Until 1974, when the Turks came in with their wrecking balls. (Ok, they didn’t actually come in with wrecking balls. And no, I’m still not going to make a Miley Cyrus joke.)
Turkey invaded North Cyprus in 1974, in a brutal attack that leaves that part of the country under Turkish control to this day. Fueled by the ethnic strife between the Turkish and Greek populations of Cyprus – in Famagusta, for instance, property owners were often Greek, while the labor force comprised mostly of Turks – the Turkish army took an aggressive stance against the Greek residents. Fearing for their lives, tourists, celebrities on holiday, and Greek residents fled the city overnight, leaving behind property, houses, hotels, and cars. The Turkish army sealed off Varosha immediately, and built a fence around it so no one could enter. Since that day in 1974, Varosha remains the way it was left – silverware arranged neatly on tablecloths set for dinner, beds made or unmade depending on whether the hotel guests were sleeping in or not, and striped umbrellas dotting the beaches by the hotels, empty recliners lying in their shade.
Almost forty years down, the table cloths and furniture, the bed covers and pillows, the umbrellas and cars remain, but wind has bitten holes into them, and water has caused their bones to rot. There is silverware on the tables, but it is tangled in the tendrils of creepers that have pushed through the broken asphalt roads and fingered their way into houses and car garages. Rats and snakes no longer feel the need to remain buried in dark places under the earth, and instead roam the town freely, the only living to haunt its hotels and restaurants. Sometimes at night, when these creatures have crawled to rest in the corners of empty ballrooms, and the wind howls through the hallways of the hotels, one can see a light flickering in a window – a weak light, like the flame of a candle by someone’s breath – and if you go close enough to the room, which was known to have been favored by Elizabeth Taylor and Richard Burton, you can hear a low, raspy refrain: “Who’s afraid of Virginia Woolf, Virginia Woolf, Virginia Woolf…”

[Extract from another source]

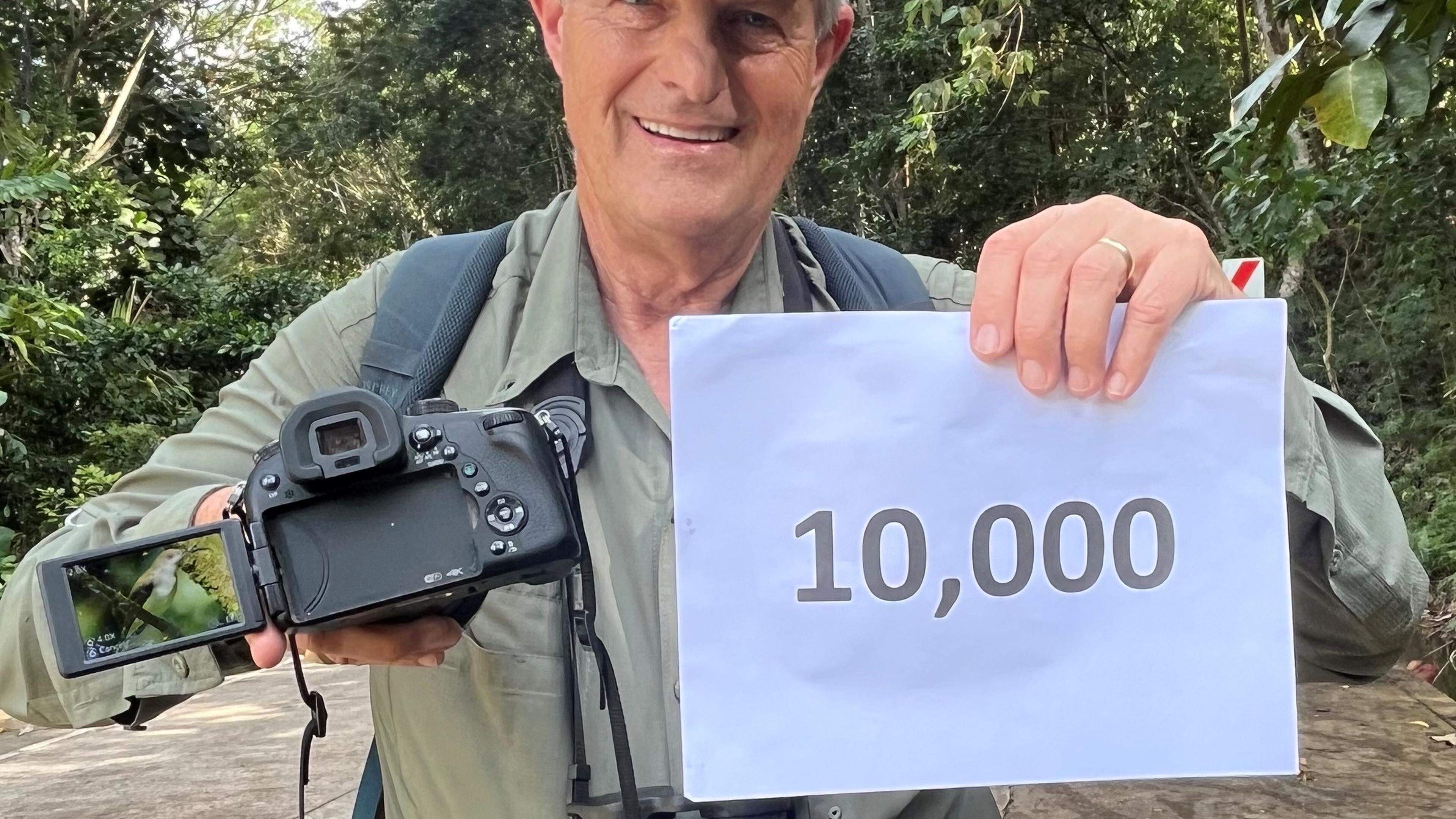 HANDOUT - 09.04.2024, Philippinen, -: Vogelbeobachter Peter Kaestner hält seine Kamera und ein Schild mit der Aufschrift «10.000». Nummer 10 000 versteckte sich in einem Dickicht aus Helikonien auf der philippinischen Insel Mindanao. Eigentlich seien er und sein Helfer Zardo Goring an diesem Nachmittag im Februar gerade auf der Suche nach einer Spechtart gewesen, sagt Peter Kaestner. Doch dann hörten sie ein Geräusch aus dem Helikoniendickicht - und ein grün-orangen Nektarvogel (Arachnothera flammifera) tauchte auf. (zu dpa "Vogel-Beobachtung extrem: US-Amerikaner sichtet 10 000 Arten") Foto: William Suerte/Peter Kaestner/dpa - ACHTUNG: Nur zur redaktionellen Verwendung im Zusammenhang mit der aktuellen Berichterstattung und nur mit vollständiger Nennung des vorstehenden Credits +++ dpa-Bildfunk +++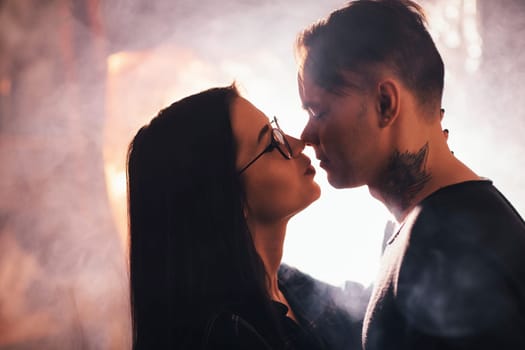 Couple in fashionable clothes on a shiny background.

Ok, so I don’t really have a verifiable source for that last statement about candlelight and raspy refrains. But the rest is sadly true. Ever so occasionally photojournalists have been allowed beyond the fence, and the pictures they’ve taken show a world abandoned in the midst of a moment of leisure. And nature, it seems, is slowly reclaiming humanity’s prize achievements in this little corner of the planet.
More recently it has been said that Varosha holds the key to the reunification of Cyprus, but quite like Famagusta, of which it is a part, Varosha will probably never reclaim its past glory. Not even in the highly unlikely scenario where, through some force of magic, the Turkish and Greek parts of Cyprus are reunited.